ですから、先ほどアメリカの数を言っておられましたが、中国に次いで二番目ということでありますけれども、全体としてそういった件数がそれぞれの国で下がっていくように私どもとしても検査をきっちりやっていくということをやることで、相手国もそういったことに大変厳しい国としての日本をよく見るということになれば、出す方もいろいろ考えざるを得ないというか、それでサンプリングで捕まるということになるわけでございますので、我々としては、先ほど申し上げたように、資質の向上を含めて、そして体制も含めてしっかりとやっていかなきゃいけないというふうに思っておりますし、まさに食の安全は国民の基本だというふうに思っております。
○斉藤(和)委員 食の安全は基本、しっかりやっていくというふうな御答弁でしたけれども、私は、サンプリング検査そのものについても抜け道があるというか、抜け穴があるというふうに思うんですが、それは別の機会に、もしあればやらせていただければと思うんです。
やはり、食品の安全性を確認するという問題というのは、書類の上でチェックするだけではわからないわけです。残留農薬が基準を守っているかどうかというのは、実際にその検体を検査しなければわからない。それをやられているのが八・八%で、残りの九一・二%は、書類だけで、検査されずに輸入されているということなわけです。
先ほども大臣からありました、そしてTPPの関連政策大綱でもありますとおり、「食の安全・安心を守るため輸入食品の適切な監視指導を徹底するための体制強化に努める。」というふうにしておりますけれども、検疫所で検査業務に従事している食品衛生監視員の現在の人数は何人でしょうか。
○塩崎国務大臣 全国の港とか空港に設置をされております検疫所で、我が国の食品衛生法に適合する食品が輸入されるように、常時、輸入食品の審査、検査を実施しているわけでありますけれども、今お尋ねの食品衛生監視員、これにつきましては、二〇一六年四月一日現在、全国の検疫所に配置されている食品衛生監視員は四百八名でございまして、二〇一五年度から見ると増員は二名ということでございます。
今後とも、先ほど申し上げたとおり、輸入される食品の安全性が確保できるように、必要な職員の確保などによって輸入食品の検査等を着実に実施してまいらなければならないというふうに考えております。

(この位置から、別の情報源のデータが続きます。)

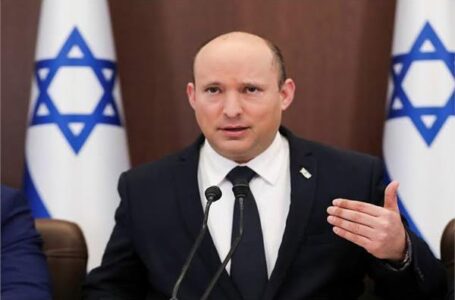 رئيس الوزراء الإسرائيلي يعتزل الحياة السياسية ووزيرة الداخلية تقود حزبه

○斉藤(和)委員 全国で四百八名だ、そして、輸入の監視体制を強化するというふうに言われましたけれども、二〇一六年で増員された数はたった二人しかありません。先ほども言いましたが、全体の輸入届け出件数というのは二百万件を超えているわけですから、それを四百八人でさばくということ自体が無理があるというふうに思うわけです。
検疫所で輸入食品の監視業務に従事しているのが、先ほど、全国に四百八人いらっしゃる食品衛生監視員です。国が行っている行政検査、先ほどもありましたが、モニタリング検査というふうに言われています。この検査を実際に行っているのが食品衛生監視員。この行政検査、四百八人の全国の皆さんがやられているこのモニタリング検査は八・八%ではないんです。この下にある二・六%、これをやられているのが、今、四百八人の食品衛生監視員の皆さんがやられているものです。これは、輸入食品監視統計が一九六五年に公表されて以降、過去最低の検査率となっています。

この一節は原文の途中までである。